• [Your task]
Nothing but the lines from the line with "prosvjed stradun cirilica 240913(3)" through the end of the data is to be copied, and each is to be copied exactly.

• [Given information]
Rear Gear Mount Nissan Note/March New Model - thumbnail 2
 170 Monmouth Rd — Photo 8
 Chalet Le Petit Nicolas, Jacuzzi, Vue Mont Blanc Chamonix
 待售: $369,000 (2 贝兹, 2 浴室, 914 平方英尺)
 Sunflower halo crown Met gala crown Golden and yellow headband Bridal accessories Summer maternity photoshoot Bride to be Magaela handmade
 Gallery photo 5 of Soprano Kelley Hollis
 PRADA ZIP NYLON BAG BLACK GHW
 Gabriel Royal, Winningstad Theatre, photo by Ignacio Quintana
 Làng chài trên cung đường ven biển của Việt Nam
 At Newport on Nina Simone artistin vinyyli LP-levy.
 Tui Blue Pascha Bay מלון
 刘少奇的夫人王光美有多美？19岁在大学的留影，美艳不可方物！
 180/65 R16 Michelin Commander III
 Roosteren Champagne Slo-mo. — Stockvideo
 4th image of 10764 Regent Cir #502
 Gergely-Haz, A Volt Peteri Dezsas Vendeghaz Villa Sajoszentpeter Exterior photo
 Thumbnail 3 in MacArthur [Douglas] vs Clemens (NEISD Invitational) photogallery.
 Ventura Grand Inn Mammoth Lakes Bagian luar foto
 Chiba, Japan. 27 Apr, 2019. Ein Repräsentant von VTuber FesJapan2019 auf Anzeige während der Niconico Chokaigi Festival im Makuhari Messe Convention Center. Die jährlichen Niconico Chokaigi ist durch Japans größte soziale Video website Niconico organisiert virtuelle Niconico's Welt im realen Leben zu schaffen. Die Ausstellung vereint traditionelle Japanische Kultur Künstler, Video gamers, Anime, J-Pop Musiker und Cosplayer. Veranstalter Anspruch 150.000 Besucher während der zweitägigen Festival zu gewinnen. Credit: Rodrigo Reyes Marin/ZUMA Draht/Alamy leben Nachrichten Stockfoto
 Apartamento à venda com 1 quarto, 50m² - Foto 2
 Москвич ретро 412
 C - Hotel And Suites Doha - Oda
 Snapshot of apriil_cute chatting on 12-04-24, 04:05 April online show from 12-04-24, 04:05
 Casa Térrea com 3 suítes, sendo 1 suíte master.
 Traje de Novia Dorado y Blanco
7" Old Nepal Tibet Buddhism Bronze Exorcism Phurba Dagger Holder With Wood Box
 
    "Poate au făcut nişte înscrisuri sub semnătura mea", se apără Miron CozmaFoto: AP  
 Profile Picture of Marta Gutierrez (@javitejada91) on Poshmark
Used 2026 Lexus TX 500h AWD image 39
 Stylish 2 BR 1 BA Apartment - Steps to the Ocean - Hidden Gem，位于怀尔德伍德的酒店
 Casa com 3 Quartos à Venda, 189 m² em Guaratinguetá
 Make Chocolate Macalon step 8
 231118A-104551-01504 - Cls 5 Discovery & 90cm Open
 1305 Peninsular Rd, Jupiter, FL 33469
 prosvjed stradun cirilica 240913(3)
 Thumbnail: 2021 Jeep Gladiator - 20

• [Task output]
 prosvjed stradun cirilica 240913(3)
 Thumbnail: 2021 Jeep Gladiator - 20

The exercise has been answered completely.